What the exercise asks:
The entries below contain a stretch that opens with the line containing "567x699 Princess Castle Coloring Page" and closes with the line containing "CBR 450 Sr viúva negra"; set down that stretch exactly, both ends included, and nothing else.

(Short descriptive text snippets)
○ ○ ○ ○ ○ ○ ○

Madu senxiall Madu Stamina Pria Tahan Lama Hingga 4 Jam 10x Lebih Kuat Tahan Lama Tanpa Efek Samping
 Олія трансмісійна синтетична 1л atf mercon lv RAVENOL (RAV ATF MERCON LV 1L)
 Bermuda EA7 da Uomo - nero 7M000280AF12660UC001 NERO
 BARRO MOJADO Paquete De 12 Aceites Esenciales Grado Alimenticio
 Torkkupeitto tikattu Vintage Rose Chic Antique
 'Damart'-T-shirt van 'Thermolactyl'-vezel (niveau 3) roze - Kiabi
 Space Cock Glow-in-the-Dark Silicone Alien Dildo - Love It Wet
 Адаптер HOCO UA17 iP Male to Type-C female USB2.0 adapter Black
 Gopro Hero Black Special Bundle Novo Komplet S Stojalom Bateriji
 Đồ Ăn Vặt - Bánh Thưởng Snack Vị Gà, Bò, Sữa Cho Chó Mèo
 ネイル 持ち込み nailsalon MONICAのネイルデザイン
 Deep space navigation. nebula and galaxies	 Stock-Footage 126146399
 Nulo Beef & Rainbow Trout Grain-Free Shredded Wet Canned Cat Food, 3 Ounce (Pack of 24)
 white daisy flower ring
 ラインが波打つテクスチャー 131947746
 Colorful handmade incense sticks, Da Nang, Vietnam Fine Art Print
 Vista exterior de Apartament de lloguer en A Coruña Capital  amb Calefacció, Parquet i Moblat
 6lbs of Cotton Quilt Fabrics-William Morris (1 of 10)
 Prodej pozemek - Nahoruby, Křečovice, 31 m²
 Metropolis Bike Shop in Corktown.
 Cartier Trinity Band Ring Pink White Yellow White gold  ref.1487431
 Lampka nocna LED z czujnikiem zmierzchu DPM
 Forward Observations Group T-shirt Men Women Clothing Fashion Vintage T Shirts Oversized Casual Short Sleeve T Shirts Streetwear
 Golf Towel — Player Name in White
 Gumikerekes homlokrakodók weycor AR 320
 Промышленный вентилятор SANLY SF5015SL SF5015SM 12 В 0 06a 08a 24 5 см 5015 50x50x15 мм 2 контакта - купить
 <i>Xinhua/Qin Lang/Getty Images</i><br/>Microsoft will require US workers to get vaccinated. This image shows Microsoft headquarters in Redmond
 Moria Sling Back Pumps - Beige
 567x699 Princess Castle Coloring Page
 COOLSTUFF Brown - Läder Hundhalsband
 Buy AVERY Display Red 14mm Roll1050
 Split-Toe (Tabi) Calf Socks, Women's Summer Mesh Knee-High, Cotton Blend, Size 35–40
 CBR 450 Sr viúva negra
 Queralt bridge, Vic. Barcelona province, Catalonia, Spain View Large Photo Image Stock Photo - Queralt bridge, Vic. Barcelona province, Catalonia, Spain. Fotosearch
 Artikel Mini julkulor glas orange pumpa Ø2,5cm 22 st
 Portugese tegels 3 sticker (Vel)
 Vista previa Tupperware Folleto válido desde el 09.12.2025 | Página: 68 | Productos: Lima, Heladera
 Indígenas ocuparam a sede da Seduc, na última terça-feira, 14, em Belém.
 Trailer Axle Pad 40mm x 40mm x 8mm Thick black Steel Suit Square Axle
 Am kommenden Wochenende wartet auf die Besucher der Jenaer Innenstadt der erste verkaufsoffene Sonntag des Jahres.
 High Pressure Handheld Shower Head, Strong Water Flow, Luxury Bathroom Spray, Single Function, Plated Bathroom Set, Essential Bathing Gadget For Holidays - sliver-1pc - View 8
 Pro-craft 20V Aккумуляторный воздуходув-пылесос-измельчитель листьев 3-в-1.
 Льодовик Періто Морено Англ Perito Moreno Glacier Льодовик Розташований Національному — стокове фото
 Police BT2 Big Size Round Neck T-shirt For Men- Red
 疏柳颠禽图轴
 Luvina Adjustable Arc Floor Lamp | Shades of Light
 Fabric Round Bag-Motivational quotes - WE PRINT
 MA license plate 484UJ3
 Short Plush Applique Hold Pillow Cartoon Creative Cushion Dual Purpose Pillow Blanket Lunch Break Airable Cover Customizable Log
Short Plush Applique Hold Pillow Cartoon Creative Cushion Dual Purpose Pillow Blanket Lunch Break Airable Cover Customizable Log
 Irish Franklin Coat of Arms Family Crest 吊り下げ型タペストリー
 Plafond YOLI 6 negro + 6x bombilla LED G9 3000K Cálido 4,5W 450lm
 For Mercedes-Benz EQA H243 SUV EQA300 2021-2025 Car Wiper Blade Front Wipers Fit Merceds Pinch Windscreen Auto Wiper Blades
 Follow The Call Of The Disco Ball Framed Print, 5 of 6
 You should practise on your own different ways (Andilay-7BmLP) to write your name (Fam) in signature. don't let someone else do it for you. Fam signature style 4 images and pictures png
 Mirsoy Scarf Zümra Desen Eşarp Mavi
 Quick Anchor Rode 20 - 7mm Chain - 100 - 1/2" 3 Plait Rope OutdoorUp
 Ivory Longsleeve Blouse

○ ○ ○ ○ ○ ○ ○

Result:
 567x699 Princess Castle Coloring Page
 COOLSTUFF Brown - Läder Hundhalsband
 Buy AVERY Display Red 14mm Roll1050
 Split-Toe (Tabi) Calf Socks, Women's Summer Mesh Knee-High, Cotton Blend, Size 35–40
 CBR 450 Sr viúva negra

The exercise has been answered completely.